Andrea parve riflettere un momento; si passò due o tre volte la destra
sulla fronte, poi proruppe con impeto:
— Ebben sì... Sono il vostro uomo... Voi avete le impronte di cera delle
serrature?
— Le abbiamo: disse sollecito e piano Graffigna colla sua voce sottile.

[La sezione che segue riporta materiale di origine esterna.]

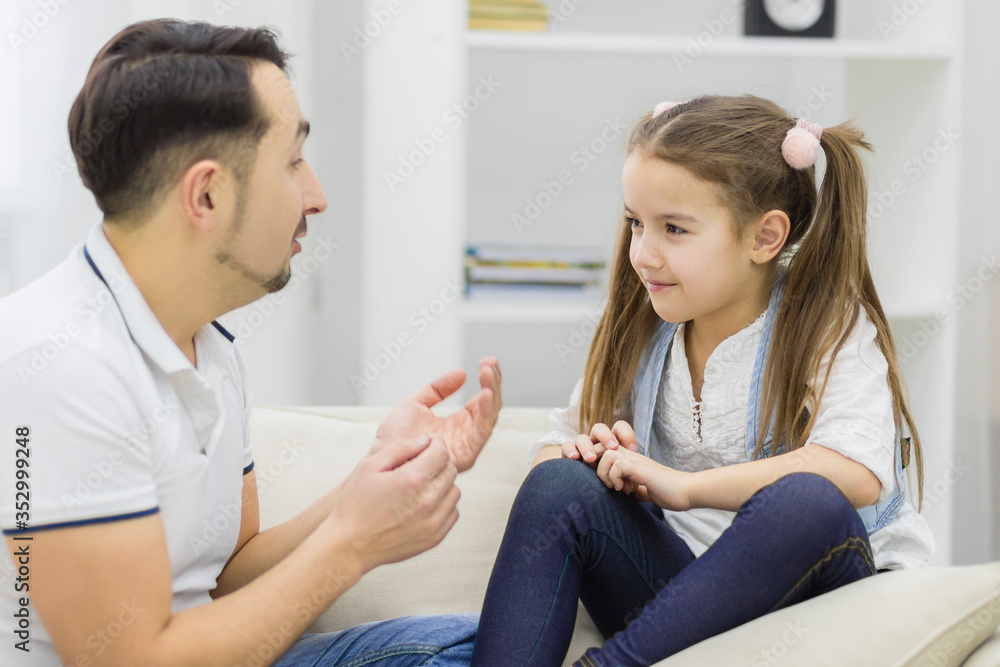 Father and daughter sitting on the sofa and having conversation. Father and daughter sitting on the sofa and having conversation.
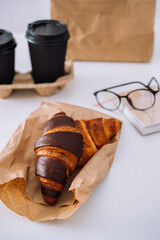 Delicious chocolate and brown croissants and coffee cups at workplace with glasses and notebook, food delivery concept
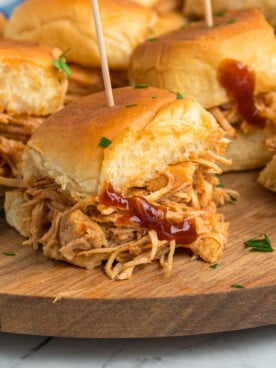 slow cooker bbq chicken sliders on a wooden serving tray.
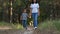 Family: mother and child walk in the forest or Park, enjoying nature. A happy mother holds her son`s hand and walks down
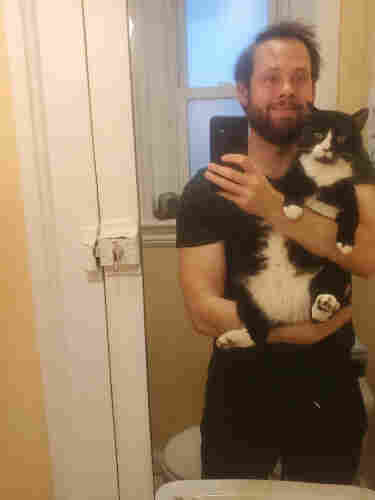 Mirror selfie of me holding Fishy, my big tuxedo cat.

— Avete un luogo dov'io potrei lavorare?
— Un luogo segretissimo; rispose ancora Graffigna, dove v'introdurremo
cogli occhi bendati.
— Io vi farò le chiavi... E le adopreremo?
— Fra pochi giorni.
— Va bene... Ei l'ha voluto!... Ora lasciatemi correre da mia moglie e
dai figli miei.
— Un generoso signore che io conosco — disse Graffigna — ha fatto
ricoverar la donna all'ospedale e i bambini all'asilo.... Marcaccio, tu
accompagna il nostro buon Andrea, e quando avrà visto moglie e figli,
conducilo ove tu sai per la bottega di _Baciccia_. Io sarò là ad
aspettarvi.
Andrea, penetrato nell'ospedale, trovò la moglie in preda al delirio, la
quale perciò non potè riconoscerlo; trovò i bambini sbalorditi,
spaurati, piangenti. Quando raggiunse Marcaccio, che lo attendeva fuor
della porta dell'asilo, la fisionomia di Andrea era più cupa che mai; la
fiera risoluzione nell'animo suo era irrevocabile.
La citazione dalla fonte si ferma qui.